Mengenai kemerdekaan, Ceng bersama keluarganya memang mengakui atas kerja keras serta perjuangan panjang para pahlawan melawan penjajahan. Sebab itu, pria kelahiran 1941 ini mengenangnya dengan sukacita dan penuh kebanggaan.
Sayangnya, di sisi lain Ceng memang merasakan benar-benar belum merdeka seperti halnya keberpihakan pemerintah terhadap masyarakat untuk meningkatkan ekonomi.
Hal ini ia bersama keluarga rasakan sejak puluhan tahun silam setelah bermigrasi dari Kobaeni, Kokoi, Sulawesi Selatan.

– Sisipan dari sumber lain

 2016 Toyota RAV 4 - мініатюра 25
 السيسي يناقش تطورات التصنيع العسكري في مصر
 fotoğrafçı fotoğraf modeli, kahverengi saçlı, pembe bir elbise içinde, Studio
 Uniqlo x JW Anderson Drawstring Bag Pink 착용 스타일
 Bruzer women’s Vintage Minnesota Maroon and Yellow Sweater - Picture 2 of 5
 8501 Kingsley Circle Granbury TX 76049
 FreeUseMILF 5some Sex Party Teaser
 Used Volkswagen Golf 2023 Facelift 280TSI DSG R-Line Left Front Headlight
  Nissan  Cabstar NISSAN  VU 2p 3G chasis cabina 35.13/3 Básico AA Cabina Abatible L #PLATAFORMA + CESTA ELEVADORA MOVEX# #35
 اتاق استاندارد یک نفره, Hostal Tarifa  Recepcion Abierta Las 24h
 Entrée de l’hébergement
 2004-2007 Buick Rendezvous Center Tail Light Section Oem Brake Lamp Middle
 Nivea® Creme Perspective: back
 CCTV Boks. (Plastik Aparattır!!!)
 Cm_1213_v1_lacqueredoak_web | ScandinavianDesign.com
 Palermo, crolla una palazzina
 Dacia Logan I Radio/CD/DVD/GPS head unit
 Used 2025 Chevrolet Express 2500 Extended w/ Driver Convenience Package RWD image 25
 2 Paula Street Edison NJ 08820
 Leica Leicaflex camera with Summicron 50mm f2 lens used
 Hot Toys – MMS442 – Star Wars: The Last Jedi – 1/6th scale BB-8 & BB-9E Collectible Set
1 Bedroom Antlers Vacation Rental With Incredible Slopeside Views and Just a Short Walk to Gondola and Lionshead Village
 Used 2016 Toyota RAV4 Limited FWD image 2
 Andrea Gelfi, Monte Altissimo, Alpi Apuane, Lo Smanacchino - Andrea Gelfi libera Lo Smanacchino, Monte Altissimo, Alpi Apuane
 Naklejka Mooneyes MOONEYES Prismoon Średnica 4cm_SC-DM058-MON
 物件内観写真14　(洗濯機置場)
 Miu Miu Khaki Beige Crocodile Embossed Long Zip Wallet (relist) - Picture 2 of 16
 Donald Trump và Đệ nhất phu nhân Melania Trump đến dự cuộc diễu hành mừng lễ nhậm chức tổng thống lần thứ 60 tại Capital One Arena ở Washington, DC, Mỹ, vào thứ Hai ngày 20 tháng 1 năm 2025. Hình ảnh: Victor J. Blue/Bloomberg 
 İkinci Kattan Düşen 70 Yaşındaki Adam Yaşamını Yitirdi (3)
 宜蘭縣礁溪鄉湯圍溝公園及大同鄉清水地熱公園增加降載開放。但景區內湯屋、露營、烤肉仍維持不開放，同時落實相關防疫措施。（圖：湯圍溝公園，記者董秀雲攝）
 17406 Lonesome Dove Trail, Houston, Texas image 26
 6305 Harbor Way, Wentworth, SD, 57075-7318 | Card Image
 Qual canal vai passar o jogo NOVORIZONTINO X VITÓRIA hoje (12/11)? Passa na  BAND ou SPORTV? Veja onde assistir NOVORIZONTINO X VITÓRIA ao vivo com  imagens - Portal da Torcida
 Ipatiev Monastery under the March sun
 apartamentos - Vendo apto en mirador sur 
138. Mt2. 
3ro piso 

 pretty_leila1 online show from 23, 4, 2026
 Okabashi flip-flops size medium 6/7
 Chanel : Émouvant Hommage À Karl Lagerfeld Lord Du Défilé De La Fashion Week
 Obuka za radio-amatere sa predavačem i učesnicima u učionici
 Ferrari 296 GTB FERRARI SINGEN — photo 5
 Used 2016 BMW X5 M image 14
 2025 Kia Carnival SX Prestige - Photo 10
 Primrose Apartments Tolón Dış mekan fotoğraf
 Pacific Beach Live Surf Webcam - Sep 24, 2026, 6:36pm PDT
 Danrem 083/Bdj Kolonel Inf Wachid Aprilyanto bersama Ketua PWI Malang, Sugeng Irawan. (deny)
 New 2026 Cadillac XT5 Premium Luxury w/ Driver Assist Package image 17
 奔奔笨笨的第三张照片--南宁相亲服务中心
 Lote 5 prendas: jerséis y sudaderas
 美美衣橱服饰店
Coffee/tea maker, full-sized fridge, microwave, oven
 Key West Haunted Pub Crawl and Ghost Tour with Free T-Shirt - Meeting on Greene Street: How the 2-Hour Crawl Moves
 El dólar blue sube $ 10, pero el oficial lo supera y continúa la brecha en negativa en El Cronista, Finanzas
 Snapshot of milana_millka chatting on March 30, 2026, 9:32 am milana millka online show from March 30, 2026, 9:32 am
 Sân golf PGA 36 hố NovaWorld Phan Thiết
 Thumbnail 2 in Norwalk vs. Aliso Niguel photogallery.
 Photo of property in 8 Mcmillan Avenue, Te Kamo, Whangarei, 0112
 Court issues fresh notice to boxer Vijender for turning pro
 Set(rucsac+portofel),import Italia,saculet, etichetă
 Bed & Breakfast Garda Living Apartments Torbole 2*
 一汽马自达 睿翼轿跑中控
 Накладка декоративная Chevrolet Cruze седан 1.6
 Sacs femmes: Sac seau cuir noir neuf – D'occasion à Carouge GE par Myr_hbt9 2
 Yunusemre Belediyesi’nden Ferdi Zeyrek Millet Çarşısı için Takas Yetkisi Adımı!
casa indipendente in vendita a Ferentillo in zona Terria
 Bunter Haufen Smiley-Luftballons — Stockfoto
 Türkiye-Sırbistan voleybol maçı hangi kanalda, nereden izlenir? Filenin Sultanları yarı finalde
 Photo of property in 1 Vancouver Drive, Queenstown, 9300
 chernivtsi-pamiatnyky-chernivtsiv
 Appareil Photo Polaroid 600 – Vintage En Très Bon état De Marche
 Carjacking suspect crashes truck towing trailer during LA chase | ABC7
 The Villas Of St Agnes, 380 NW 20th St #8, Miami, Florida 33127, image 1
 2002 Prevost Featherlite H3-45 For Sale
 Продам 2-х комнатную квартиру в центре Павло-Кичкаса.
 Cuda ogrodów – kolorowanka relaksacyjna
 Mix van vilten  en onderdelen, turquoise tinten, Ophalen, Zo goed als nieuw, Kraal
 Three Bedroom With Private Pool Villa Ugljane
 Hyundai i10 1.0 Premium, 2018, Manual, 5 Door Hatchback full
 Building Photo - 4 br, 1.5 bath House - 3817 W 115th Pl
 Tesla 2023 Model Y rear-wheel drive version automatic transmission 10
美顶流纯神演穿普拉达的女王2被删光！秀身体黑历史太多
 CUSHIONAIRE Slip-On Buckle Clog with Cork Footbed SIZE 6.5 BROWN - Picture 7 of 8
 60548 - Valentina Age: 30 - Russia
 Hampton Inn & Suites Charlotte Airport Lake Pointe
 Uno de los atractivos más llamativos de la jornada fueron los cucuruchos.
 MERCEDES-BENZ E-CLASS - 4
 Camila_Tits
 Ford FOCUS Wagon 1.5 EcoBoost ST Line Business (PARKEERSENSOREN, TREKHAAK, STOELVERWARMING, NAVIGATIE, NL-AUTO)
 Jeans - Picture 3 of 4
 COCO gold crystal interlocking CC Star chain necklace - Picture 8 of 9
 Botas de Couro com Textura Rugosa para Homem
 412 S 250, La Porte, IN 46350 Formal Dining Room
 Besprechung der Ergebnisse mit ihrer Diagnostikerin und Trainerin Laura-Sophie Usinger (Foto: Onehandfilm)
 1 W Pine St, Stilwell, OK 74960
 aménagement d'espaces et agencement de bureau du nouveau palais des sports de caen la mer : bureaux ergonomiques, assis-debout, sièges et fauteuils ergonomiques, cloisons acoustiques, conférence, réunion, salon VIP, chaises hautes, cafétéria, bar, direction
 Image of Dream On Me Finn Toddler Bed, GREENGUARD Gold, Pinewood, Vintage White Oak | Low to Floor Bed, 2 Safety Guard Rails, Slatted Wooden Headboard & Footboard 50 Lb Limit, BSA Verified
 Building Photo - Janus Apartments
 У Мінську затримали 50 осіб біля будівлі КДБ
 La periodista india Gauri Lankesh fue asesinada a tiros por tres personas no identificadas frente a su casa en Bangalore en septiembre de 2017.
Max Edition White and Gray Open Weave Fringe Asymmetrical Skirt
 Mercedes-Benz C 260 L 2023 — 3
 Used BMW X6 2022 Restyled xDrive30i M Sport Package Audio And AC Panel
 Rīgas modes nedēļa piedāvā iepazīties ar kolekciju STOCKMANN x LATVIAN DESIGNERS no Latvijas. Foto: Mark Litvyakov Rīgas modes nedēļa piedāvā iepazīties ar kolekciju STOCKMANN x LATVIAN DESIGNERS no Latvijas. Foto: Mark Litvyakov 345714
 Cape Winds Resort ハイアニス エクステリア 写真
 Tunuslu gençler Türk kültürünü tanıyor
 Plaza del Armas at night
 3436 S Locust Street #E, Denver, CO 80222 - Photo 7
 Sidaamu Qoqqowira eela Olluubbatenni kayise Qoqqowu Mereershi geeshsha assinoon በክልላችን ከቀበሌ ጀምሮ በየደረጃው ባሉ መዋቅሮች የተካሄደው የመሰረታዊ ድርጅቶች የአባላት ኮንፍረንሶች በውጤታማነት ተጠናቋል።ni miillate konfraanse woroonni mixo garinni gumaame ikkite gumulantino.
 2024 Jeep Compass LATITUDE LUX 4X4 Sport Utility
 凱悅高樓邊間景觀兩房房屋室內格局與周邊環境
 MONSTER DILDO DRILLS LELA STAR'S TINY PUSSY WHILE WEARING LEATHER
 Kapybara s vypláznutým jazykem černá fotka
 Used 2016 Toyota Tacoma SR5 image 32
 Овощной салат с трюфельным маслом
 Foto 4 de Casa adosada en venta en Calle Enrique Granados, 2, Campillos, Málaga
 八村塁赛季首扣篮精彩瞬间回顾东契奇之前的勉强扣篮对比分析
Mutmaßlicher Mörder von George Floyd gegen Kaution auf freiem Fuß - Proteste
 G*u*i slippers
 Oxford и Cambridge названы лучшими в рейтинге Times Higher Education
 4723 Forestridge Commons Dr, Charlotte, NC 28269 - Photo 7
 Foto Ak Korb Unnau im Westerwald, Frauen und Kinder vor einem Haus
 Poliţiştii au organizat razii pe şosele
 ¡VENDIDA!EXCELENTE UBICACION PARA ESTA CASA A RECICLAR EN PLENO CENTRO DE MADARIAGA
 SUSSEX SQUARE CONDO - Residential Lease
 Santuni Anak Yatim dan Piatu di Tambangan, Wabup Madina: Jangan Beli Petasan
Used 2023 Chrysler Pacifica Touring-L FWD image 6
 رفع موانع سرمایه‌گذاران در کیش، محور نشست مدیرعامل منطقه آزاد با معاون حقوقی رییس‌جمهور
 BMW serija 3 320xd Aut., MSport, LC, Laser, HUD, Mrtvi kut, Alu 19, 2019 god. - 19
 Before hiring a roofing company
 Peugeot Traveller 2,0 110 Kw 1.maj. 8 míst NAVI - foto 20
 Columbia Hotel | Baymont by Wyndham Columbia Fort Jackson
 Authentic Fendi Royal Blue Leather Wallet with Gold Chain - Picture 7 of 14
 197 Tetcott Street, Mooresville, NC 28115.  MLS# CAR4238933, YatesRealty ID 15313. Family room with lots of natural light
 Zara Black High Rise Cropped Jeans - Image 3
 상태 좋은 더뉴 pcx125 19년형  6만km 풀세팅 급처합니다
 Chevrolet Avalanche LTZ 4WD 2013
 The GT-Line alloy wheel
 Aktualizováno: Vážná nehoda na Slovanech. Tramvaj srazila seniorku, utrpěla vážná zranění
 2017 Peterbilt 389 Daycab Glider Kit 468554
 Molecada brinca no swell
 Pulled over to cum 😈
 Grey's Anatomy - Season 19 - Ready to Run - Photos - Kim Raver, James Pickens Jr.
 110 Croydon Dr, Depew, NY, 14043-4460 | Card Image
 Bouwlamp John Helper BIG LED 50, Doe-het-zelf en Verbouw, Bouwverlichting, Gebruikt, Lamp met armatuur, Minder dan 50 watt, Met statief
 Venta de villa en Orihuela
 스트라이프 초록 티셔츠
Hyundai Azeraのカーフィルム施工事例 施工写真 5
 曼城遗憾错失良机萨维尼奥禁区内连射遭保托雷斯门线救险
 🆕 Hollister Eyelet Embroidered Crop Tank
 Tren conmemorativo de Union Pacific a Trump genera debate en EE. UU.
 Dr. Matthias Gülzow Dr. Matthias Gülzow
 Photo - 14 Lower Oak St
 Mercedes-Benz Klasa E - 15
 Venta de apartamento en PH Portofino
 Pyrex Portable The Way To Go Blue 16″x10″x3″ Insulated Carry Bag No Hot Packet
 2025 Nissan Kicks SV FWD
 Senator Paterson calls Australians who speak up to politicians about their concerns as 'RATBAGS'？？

“Kami belum pernah dapat bantuan pak, tidak ada sama sekali,” ujar Ceng kepada wartawan di kediamannya, di sela-sela upacara HUT RI ke-75 di Bukit Lia Ga, Kota Baru, Kabupaten Ende, Senin (17/08/2020).
Terkait bantuan perumahan, Ceng sendiri memang hanya menaruh harapan pada pemerintah. Sebab, selain usianya sudah beranjak tua, Ceng bersama istrinya Angi Buna hanya bertahan hidup dengan hasil nelayan mereka yang pas-pasan.
Akibat dari itu, Ceng dan Angi tak berbuat banyak apalagi berpikir untuk bangun rumah. Mereka hanya memanfaatkan pendapatan nelayan untuk kebutuhan pokok.
“Hanya untuk tahan hidup saja pak. Tidak bisa bangun rumah,” tutur Ceng, terbata-bata.
Dari pengamatan media, kondisi rumah Ceng bersama beberapa rumah tetangganya memang perlu mendapatkan sentuhan pemerintah. Rumah berbahan dasar kayu berdinding pelupuh itu tampak sudah tua dan lapuk.
Sedangkan atap yang digunakan sementara dari daun kelapa tampak sudah tak layak. Perlu ada dorongan pemerintah untuk membangun rumah layak huni.
Ceng bilang, rumah-rumah itu dibangun sejak lama sekitar tahun 1980-an. Ia belum memikirkan untuk merenovasi sebab keterbatasan biaya.
Ia berharap, agar pemerintah bisa memberi keadilan dengan membantunya membangun rumah.
“Ya, ini rumah sudah lama pak, kita tidak punya biaya (renovasi). Anak-anak saya sudah bekerja semua, sudah urus rumah tangga masing-masing,” kata Ceng.
“Ya, saya hanya berharap itu saja pak,” tutur dia.